Şiddet, dünya üzerinde insanların topluluk halinde yaşamaya başladığı tarih öncesi dönemlerden beri vardır ve tamamen bitmesi mümkün değildir. Öncelikle bunu ve insanın kendi içindeki yıkıcı olan tarafı kabul etmek bir başlangıç noktası olabilir. Kendi içimizdeki yıkıcı olan tarafı kabul etmek, bunu göstermek değildir. Varlığını kabul etmek, yıkıcılığı işlevsiz şekilde yok saymayı, bastırmayı, aşırı vicdanı engeller, bu da gerçekçi şekilde olaylara yaklaşabilmemizi sağlar. Bunu yapabildiğimiz zaman öfkesini yapıcı şekilde değil de insana ve hayvana karşı yok edici şekilde gösteren kişilerin ne olup da bu noktaya geldiklerini az da olsa anlayabiliriz. Şiddeti alttan alta destekleyen ya da karşı çıkmayan toplumsal, resmi, çevresel, kültürel sistemlerin zarar verici taraflarını, insanın tek başına yaşayan bir varlık olmadığını, çevre ile karşılıklı teması olan dinamik bir organizma olduğunu daha net bir şekilde görebiliriz.
Şiddet olayları karşısında öfkelenmemek mümkün değildir. Ancak bunu yaşadıktan sonra sakinleşerek umudu ortaya çıkarmak, linç kültüründen uzaklaşmak ilerletici ve olgun bir tepki olacaktır.

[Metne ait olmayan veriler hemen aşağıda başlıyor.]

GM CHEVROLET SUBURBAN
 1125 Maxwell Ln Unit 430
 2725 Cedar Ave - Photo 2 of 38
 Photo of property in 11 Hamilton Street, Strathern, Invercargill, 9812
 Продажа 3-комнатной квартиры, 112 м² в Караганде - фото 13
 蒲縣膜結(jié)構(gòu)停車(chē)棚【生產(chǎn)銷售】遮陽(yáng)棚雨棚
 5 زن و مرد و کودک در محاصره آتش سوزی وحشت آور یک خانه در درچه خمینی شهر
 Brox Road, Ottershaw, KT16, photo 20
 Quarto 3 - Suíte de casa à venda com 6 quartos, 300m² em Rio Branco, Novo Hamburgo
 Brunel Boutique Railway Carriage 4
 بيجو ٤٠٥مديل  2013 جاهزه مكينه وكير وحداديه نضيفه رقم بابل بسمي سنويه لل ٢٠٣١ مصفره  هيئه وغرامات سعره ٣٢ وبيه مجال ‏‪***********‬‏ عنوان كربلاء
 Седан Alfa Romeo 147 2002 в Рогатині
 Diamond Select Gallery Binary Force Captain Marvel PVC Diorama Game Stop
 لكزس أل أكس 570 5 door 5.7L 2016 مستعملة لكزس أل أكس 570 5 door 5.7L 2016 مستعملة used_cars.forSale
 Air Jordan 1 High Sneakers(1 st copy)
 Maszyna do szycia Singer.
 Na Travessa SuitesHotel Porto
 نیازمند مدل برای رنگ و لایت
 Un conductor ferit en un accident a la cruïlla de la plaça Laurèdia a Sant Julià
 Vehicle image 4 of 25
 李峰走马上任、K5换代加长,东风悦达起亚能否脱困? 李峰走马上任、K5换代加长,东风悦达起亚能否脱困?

Kalıpların dışında ve esnek düşünebilmek zordur. Bunun yapılabilmesi için, bahsedilen mekanizmaların farkında olan kişilerin insanları gerçekliğe ve zorlu olaylarla karşılaşıldığında umutlu olmaya davet etme yönünde yayınlar yapmaları dikkat çekici olabilir. Çünkü umut olmazsa harekete geçme de olmaz ve oturduğumuz yerden şikayet etmeye devam ederiz.
Editörün notu:
Son zamanlarda medya maalesef şiddet haberlerini sürekli öne çıkartmaya çalışarak şiddetten beslenmektedir. Örneğin ölü, sakat veya hasta bir kediyi hiçbir kanıt göstermeksizin “yine cani insan şiddeti” gibi başlıklarla manşetlere taşıyarak, insanların duyguları üzerinden reyting veya tık hesabı yapmaktadır. Benzer bir şekilde tık tuzağı (clickbait) hayvan sayfaları reklam gelirlerini bu yolla artırmaya çalışmaktadır. Her olayda infial yaratmaya çalışan bazı sözde hayvan dernekleri ve sayfaları da aynı tutumu sürdürmektedir. Diğer taraftan; nerede, ne zaman ve nasıl olduğu bile belli olmayan şiddet içerikli görseller sürekli sosyal medyada paylaşılarak bu tür olaylar normalleştirilmektedir. Bunlara prim verilmemelidir.